For a Linux System, it is also important to consider the Linux software support available. Choosing devices that already have good Linux support can dramatically speed the design process and help ensure robustness.
1.1.1. Hardware Design Collateral¶
While it is not necessarily expected that Linux developers are also doing hardware design, the quality of hardware definitely has an impact on them. Dealing with hardware issues can dramatically impact software schedules. So, this list of helpful collateral is included to highlight the resources available to help ensure quality hardware for great software development.
| Document/Resource | Notes |
|---|---|
| Data Sheet | Foundational document |
| Technical Reference Manual | Foundational document |
| Si Errata | Important for checking known issues and workarounds |
| Schematic Review Checklist | Very important as a guide for board design. This document should be well understood before board design. |
| High-Speed Interface Layout Guidelines | An excellent complement to Schematic Review Checklist above. Required reading for board designers. |
| DDR Board Design and Layout Guidelines | Another required reading. DDR design seems to constantly be a challenge for new boards. |
| SysConfig Configuration Tool | Important for Pin Mux, DDR Config, and MCU+ SDK. |
| Power Estimation Tool | Useful tool to help estimate power consumption. |
| BGA Escape Routing | Sample PCB escape routing. |
| AM64x Starter Kit | Design files serve as good examples. |
| AM64x GP EVM | Design files serve as good examples. |
1.1.2. Linux Software Compatibility¶
In addition to designing the best hardware for a robust embedded system, it is often advantageous to choose hardware that is already well supported by Linux. Linux code that has been used in other systems has inherently been tested and hardened. It is also available, which avoids having to develop new drivers and work out the likely bugs in them. This availability and robustness save time and effort by software teams and help keep schedules on track.

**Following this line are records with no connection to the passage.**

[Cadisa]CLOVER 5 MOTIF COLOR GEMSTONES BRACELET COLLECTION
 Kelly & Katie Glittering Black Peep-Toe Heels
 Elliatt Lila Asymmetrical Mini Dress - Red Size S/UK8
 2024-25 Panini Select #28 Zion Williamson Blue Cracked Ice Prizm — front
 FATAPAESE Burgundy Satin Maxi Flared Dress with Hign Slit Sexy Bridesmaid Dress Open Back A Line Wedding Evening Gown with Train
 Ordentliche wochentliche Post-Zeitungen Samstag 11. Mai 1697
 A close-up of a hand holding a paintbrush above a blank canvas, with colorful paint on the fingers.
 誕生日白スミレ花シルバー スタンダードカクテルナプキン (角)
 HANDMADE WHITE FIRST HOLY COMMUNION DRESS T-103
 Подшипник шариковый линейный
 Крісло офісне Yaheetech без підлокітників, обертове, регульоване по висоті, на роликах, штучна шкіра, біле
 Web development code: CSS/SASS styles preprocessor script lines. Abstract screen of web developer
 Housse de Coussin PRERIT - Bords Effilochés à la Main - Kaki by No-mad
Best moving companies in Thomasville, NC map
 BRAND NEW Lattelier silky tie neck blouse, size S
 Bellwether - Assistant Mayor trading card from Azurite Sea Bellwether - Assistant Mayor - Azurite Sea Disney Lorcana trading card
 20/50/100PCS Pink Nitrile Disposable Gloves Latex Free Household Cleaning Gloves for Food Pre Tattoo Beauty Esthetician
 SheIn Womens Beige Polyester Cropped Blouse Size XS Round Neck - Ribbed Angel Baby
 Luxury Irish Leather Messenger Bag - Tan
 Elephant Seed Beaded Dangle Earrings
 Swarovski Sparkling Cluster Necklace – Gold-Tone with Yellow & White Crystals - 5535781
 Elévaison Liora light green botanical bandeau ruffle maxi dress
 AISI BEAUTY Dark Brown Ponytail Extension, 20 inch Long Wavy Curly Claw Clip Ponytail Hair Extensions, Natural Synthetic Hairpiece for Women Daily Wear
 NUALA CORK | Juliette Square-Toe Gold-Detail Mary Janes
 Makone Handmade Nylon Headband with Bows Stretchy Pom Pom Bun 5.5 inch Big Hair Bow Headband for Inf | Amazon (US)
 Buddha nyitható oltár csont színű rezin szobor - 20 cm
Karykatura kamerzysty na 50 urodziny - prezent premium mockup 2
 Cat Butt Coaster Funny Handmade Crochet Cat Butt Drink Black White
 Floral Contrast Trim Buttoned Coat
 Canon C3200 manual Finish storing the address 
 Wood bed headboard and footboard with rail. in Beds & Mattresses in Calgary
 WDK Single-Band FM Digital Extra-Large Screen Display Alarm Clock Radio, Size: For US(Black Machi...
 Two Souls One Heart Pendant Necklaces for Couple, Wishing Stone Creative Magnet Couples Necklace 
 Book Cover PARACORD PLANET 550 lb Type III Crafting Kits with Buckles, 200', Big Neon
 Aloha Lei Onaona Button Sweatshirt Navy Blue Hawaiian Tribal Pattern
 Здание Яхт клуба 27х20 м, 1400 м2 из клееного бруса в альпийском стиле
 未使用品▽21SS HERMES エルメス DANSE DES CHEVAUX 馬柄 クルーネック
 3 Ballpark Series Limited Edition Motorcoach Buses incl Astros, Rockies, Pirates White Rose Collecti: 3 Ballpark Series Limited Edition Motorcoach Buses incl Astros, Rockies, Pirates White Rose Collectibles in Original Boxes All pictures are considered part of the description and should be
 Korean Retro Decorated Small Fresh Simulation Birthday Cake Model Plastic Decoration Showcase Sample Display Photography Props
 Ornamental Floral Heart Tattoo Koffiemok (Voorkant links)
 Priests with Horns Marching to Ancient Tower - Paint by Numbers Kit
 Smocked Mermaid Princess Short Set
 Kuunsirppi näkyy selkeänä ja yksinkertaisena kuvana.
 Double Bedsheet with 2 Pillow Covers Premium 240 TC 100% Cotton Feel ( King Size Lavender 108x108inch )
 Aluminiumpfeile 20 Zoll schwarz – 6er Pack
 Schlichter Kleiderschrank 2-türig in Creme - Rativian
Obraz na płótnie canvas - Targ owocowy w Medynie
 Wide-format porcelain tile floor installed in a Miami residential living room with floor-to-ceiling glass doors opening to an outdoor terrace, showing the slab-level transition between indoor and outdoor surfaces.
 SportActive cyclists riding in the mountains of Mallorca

TI provides Linux drivers for most SoC functions and peripherals. The available drivers and features can be checked in the Software Build Sheet. While this covers the SoC peripherals, it does not cover the individual components that these peripherals are interfacing with. For example, I2C master on AM64x has a Linux driver provided with the Processor SDK for Linux. That does not mean that the I2C GPIO Expander that is chosen for a design has a corresponding driver. The availability of such a driver needs to be checked as well:
- Search the Linux source code for driver support.
- Ask the vendor if a Linux driver is provided.
- Check what is used on a TI, community, or other public boards.
- Leverage previous experience from other projects.
It is very important to understand the driver availability of all components being used on a board or project before project commissioning. This check makes sure that software project deadlines are planned accordingly. If a components without Linux support is chosen, the software development efforts to enable that device should be factored into the overall project costs and timelines.